Given an integer num, convert it to its hexadecimal representation as a string and return it. The hexadecimal representation should use lowercase letters ('a' to 'f') for digits greater than 9. For negative numbers, use two's complement hexadecimal representation for 32-bit integers.

  • Do not use any library functions to directly convert or format the number.
  • Input is a valid 32-bit signed integer (-231 ≤ num ≤ 231 - 1).
  • Return the hexadecimal string representation without leading zeros (except for the number zero itself).

Thought Process

The problem asks for a manual conversion of an integer to its hexadecimal string, similar to how you might convert decimal to binary by repeatedly dividing by 2. Here, we divide by 16 and map the remainders to hexadecimal digits. For negative numbers, we must represent them as 32-bit unsigned values using two's complement, which means masking the number to get its correct bitwise representation.

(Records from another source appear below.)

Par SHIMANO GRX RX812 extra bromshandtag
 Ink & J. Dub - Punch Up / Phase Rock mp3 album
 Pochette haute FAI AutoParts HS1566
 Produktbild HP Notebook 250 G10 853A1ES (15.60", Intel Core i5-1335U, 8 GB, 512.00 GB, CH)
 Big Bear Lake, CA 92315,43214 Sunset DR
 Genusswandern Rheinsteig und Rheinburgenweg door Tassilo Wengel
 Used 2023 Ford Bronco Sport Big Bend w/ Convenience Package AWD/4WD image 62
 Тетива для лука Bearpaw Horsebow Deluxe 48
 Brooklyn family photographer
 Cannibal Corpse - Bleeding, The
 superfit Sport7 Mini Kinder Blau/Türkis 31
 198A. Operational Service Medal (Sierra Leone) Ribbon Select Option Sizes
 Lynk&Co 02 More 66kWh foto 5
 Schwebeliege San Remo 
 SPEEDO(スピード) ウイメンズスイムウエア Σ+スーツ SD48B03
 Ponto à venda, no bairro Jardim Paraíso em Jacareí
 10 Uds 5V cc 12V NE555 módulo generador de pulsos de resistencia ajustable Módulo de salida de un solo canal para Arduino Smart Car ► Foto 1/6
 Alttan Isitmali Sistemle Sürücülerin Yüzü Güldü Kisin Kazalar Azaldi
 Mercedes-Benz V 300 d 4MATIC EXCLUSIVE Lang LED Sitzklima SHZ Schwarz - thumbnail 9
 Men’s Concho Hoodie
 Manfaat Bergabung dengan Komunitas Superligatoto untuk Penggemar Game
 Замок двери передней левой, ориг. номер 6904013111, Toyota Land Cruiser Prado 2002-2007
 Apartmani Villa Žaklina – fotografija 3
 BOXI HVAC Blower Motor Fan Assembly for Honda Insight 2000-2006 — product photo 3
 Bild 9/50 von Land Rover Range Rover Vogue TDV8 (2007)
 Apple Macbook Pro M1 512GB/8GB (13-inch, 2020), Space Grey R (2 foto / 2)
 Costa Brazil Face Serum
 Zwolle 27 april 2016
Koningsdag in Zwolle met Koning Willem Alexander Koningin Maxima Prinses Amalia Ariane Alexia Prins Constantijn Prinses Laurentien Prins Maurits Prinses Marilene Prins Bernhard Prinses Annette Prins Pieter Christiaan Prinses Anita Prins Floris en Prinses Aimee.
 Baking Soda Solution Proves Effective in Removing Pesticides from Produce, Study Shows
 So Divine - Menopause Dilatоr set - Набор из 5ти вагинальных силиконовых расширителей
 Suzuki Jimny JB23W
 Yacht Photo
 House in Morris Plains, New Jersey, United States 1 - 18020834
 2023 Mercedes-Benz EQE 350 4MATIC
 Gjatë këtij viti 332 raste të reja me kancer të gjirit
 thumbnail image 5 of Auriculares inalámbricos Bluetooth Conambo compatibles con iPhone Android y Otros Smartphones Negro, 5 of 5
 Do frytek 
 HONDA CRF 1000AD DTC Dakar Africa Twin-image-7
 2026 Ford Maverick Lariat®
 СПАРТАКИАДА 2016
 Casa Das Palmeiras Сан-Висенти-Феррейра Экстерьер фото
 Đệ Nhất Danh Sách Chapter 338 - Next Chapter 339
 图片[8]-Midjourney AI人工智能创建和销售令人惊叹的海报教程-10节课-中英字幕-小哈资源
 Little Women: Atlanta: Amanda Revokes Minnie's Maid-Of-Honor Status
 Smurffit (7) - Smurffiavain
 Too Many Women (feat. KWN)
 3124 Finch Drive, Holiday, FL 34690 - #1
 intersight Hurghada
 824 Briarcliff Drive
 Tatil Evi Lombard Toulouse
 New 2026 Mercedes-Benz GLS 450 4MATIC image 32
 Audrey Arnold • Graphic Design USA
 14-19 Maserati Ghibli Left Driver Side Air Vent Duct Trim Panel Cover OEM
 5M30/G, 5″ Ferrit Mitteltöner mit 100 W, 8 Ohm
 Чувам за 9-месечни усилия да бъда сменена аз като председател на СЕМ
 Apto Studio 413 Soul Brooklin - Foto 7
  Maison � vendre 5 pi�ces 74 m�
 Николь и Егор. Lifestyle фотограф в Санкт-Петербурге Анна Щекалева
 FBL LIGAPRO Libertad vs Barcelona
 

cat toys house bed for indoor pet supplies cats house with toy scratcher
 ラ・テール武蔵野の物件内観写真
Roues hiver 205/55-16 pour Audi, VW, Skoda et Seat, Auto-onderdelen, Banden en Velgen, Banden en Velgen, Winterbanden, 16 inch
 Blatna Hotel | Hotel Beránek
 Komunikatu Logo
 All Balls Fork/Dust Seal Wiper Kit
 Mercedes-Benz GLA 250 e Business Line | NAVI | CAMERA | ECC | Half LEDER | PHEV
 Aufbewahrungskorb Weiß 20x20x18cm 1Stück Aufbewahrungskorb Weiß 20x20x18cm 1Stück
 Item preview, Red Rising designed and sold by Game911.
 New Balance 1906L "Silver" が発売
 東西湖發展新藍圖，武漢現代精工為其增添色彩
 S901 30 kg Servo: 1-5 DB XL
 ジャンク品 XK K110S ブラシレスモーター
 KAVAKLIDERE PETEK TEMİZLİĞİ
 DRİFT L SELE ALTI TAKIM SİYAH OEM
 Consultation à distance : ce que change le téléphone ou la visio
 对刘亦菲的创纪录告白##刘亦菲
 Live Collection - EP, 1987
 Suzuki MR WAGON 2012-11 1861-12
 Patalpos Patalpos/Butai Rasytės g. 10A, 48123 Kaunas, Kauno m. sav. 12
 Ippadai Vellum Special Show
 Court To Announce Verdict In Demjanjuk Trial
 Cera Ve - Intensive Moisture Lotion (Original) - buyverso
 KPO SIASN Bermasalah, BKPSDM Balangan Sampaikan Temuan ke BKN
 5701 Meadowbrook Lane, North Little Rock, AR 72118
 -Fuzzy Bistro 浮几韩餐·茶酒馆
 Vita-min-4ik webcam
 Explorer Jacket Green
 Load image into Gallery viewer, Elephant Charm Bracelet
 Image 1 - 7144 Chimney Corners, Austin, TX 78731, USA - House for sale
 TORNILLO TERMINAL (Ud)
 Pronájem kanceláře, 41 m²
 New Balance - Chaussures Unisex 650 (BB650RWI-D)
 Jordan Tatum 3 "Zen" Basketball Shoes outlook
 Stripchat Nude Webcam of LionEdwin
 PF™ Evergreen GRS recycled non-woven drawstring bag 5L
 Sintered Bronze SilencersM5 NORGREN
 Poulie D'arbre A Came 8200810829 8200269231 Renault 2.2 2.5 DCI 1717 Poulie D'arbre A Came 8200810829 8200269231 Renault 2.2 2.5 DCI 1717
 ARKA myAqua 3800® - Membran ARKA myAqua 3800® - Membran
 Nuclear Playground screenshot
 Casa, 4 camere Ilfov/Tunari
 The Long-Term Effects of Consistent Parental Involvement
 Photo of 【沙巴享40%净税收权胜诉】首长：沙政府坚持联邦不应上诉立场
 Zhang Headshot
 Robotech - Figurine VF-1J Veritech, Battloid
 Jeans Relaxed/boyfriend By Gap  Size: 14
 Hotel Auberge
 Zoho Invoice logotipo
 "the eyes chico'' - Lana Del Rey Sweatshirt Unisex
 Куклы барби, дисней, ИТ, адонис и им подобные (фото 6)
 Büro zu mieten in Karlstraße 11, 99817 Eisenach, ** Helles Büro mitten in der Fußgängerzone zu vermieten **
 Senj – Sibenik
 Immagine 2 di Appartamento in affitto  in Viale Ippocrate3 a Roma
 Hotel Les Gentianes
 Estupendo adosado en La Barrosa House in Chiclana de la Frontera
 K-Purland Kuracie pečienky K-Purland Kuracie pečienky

A brute-force approach would be to use built-in formatting, but the problem restricts us from doing so. Instead, we need to handle the conversion ourselves, including edge cases like zero and negative numbers. Optimization isn't a major concern here since the conversion is straightforward, but we must be careful with bit manipulation for negative numbers.

Solution Approach

  1. Hexadecimal Digits Mapping:
    • Create a mapping from 0-15 to their hexadecimal characters ('0'-'9', 'a'-'f').
  2. Handle Zero:
    • If num is zero, return "0" immediately.
  3. Two's Complement for Negatives:
    • If num is negative, convert it to its 32-bit unsigned equivalent by masking with 0xFFFFFFFF.
  4. Repeated Division:
    • While num is not zero, repeatedly:
      • Find the remainder of num divided by 16.
      • Map the remainder to its hexadecimal character.
      • Append the character to the result (building the string in reverse).
      • Divide num by 16 (using integer division).
  5. Reverse the Result:
    • Since we build the hexadecimal string from least significant digit to most, reverse the result before returning.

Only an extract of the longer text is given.